I have got the following summation-$$\displaystyle\sum_{r=1}^{n}\frac{r^24^r}{(r+1)(r+2)}.$$
I have to find the closed form or the general form to find the sum of this series. I know upto summation of Telescopic Series and Some special series like those in $AP$ or $GP$.
But I have no idea on how to begin on this problem.
Thanks for any help!!
Since you requested a more detailed answer than that of @N.S, here you go.

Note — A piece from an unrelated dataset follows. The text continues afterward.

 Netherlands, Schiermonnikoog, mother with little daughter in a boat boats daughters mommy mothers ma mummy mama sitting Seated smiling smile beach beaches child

We start with the series you give, $$\displaystyle\sum_{r=1}^{n}\frac{r^24^r}{(r+1)(r+2)}$$ We now want to simplify this into a series you can deal with; the first step will be to run partial fraction decomposition on the term $$\frac{r^2}{(r+1)(r+2)}=\frac{r^2+3r+2-3r-2}{(r+1)(r+2)}=\frac{(r+1)(r+2)-3r-2}{(r+1)(r+2)}$$ $$=1-\frac{3r+2}{(r+1)(r+2)} =1+\frac{1}{r+1}-\frac{4}{r+2}$$ Let me know if you need help with this partial fraction decomposition. We can now rewrite the above series as $$\displaystyle\sum_{r=1}^{n}\left(4^r+\frac{4^r}{r+1}-\frac{4^{r+1}}{r+2}\right)=\displaystyle\sum_{r=1}^{n}\left(4^r\right)+\sum_{r=1}^{n}\left(\frac{4^r}{r+1}-\frac{4^{r+1}}{r+2}\right)\tag{1}$$ The first series is geometric, which you say you know how to evaluate. (It comes out to be $\frac{4}{3}(4^n - 1)$)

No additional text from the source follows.